Soal perizinan, dia pun menegaskan, pihaknya terus berkoordinasi dengan pihak terkait untuk bisa menekan segala biaya yang membebani. Antara lain, khusus rumah MBR dibebaskan Pajak Pertambahan Nilai (PPn) dan Pajak Penghasilan (PPH) penjualan rumah tersebut. 

"Dan, sebentar lagi diskon 95 persen untukk IMB (Izin Membangun Rumah) dan BPHTB (Bea Perolehan Hak atas Tanah dan Bangunan)," ungkapnya. 

Karena itu, Syarif mempertanyakan apa yang menjadi keluhan Apersi mengenai kesulitan membangun rumah murah tersebut. Sebab, obral insentif yang diberikan pemerintah tersebut sangat disambut bauk oleh para pengembagn lainnya. 

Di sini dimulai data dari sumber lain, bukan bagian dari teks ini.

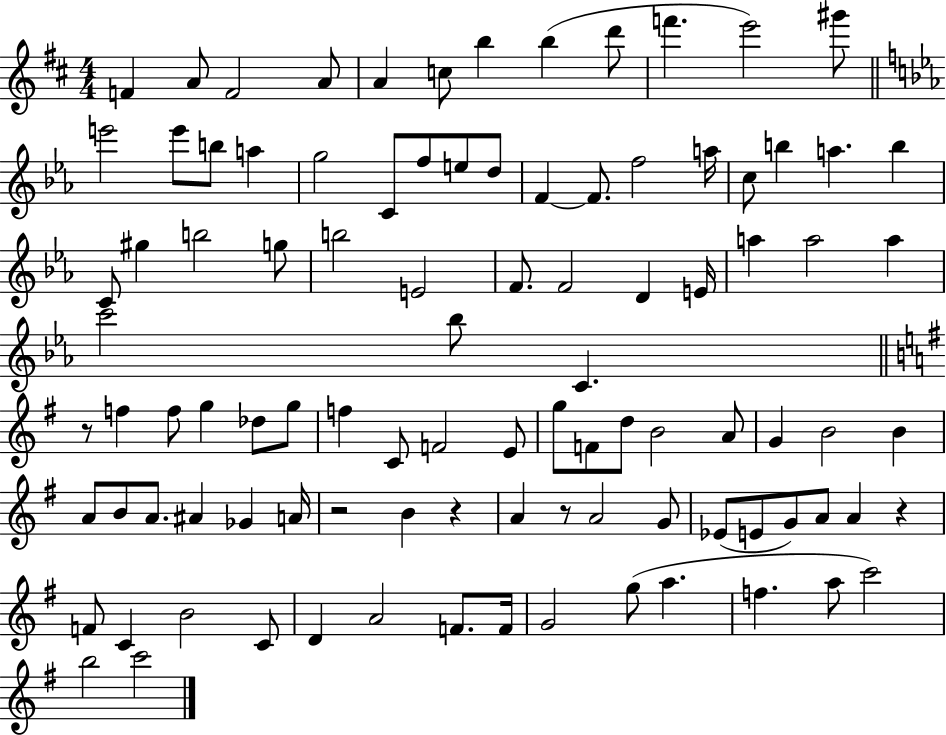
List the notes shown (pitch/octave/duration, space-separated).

F4/q A4/e F4/h A4/e A4/q C5/e B5/q B5/q D6/e F6/q. E6/h G#6/e E6/h E6/e B5/e A5/q G5/h C4/e F5/e E5/e D5/e F4/q F4/e. F5/h A5/s C5/e B5/q A5/q. B5/q C4/e G#5/q B5/h G5/e B5/h E4/h F4/e. F4/h D4/q E4/s A5/q A5/h A5/q C6/h Bb5/e C4/q. R/e F5/q F5/e G5/q Db5/e G5/e F5/q C4/e F4/h E4/e G5/e F4/e D5/e B4/h A4/e G4/q B4/h B4/q A4/e B4/e A4/e. A#4/q Gb4/q A4/s R/h B4/q R/q A4/q R/e A4/h G4/e Eb4/e E4/e G4/e A4/e A4/q R/q F4/e C4/q B4/h C4/e D4/q A4/h F4/e. F4/s G4/h G5/e A5/q. F5/q. A5/e C6/h B5/h C6/h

"Rumah murah tidak semata-mata dibangun oleh Apersi, bahkan jumlah rumah murah lebih banyak dibangun oleh anggota REI, dan oleh Perumnas dan assosiasi lain (di luar Apersi) dan pemerintah," kata dia.

Dia pun mengimbau para pengembang lainnya untuk memanfaatkan fasilitas ini. Sehingga, ketersediaan rumah bagi masyarakat, khususnya untuk MBR dapat terus meningkat. 

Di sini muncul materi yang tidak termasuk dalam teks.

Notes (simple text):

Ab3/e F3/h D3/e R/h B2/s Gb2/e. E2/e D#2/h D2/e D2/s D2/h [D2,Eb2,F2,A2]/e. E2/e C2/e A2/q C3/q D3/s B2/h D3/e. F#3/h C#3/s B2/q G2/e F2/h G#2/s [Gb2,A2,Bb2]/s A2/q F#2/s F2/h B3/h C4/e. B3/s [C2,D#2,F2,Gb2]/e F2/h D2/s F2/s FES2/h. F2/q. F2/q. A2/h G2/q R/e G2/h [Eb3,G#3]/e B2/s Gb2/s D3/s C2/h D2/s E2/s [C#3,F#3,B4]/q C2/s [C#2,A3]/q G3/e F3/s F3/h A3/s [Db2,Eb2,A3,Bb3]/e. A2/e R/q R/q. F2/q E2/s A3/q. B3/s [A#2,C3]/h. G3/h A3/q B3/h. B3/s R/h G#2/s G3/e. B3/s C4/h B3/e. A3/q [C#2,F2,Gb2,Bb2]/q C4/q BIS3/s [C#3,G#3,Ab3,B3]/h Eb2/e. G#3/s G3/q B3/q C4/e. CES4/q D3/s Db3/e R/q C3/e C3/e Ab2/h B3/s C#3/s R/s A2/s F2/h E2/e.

"Rumah murah bukan hanya domain Apersi saja, tetapi siapa pun pengembang bahkan masyarakat secara gotong royong bisa ikut menyediakan rumah murah," imbaunya. 

Terkait pembangunan MBR, Menteri Basuki menambahkan, dukungan dari pengembang kepada pemerintah terus berdatangan. Bahkan, dalam waktu dekat ada sejumlah pengembang besar yang akan melakukan pemancangan batu pertama proyek perumahan bagi MBR. 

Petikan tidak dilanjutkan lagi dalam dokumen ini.